[EXTRACTED ENTRIES]
━━━━━━━━━━

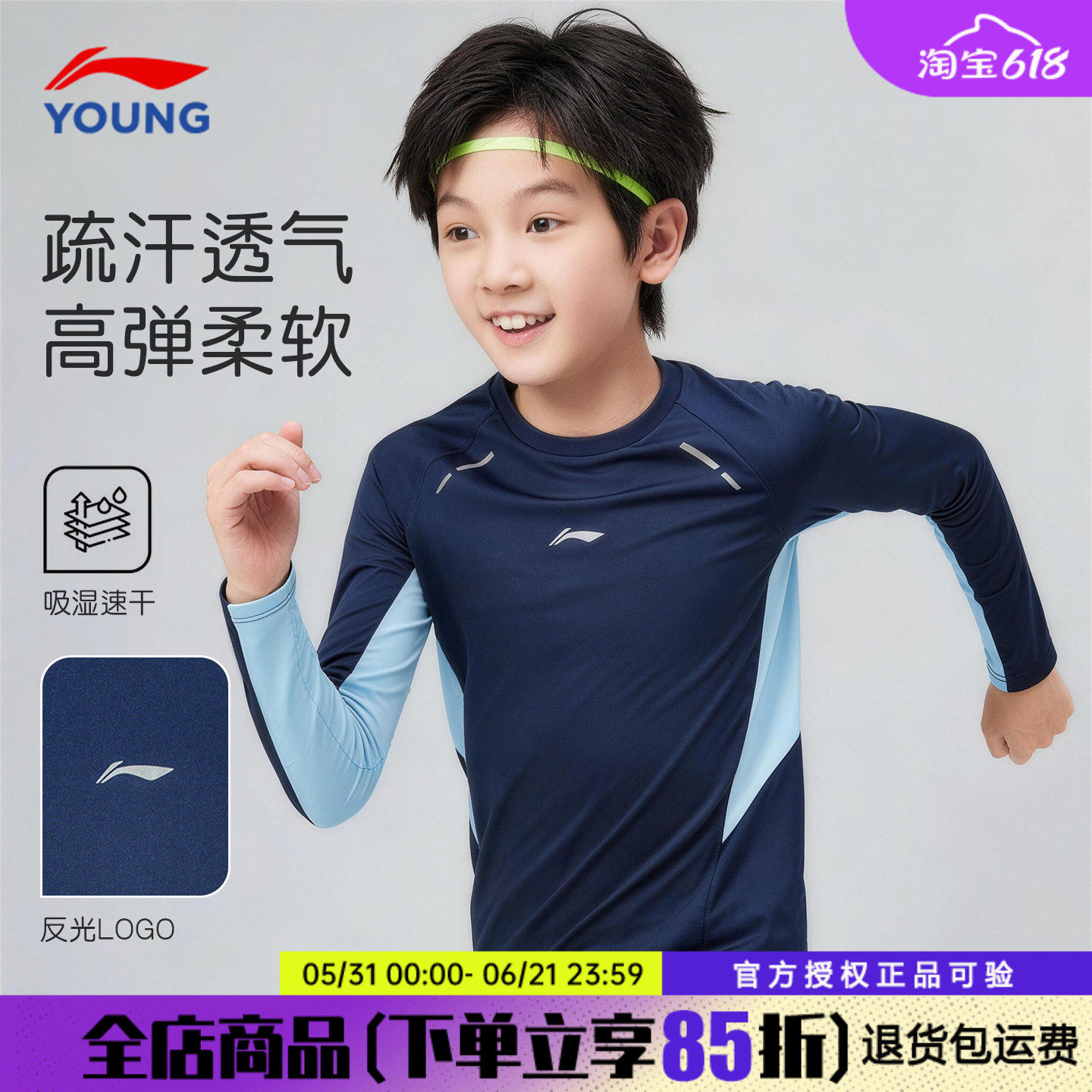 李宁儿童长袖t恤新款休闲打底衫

━━━━━━━━━━

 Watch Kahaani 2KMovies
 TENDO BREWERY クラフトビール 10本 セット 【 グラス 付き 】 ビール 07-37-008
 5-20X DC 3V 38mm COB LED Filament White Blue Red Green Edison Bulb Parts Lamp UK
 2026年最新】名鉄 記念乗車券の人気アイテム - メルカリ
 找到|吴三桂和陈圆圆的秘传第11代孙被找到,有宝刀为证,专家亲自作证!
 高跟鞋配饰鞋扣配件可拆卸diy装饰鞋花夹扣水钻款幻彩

━━━━━━━━━━

[WHAT YOU ARE ASKED TO DO]
What is asked for is an exact copy of the lines above from the one containing "2026年最新】名鉄 記念乗車券の人気アイテム - メルカリ" through the one containing "高跟鞋配饰鞋扣配件可拆卸diy装饰鞋花夹扣水钻款幻彩", and only those.

[ANSWER AREA]
 2026年最新】名鉄 記念乗車券の人気アイテム - メルカリ
 找到|吴三桂和陈圆圆的秘传第11代孙被找到,有宝刀为证,专家亲自作证!
 高跟鞋配饰鞋扣配件可拆卸diy装饰鞋花夹扣水钻款幻彩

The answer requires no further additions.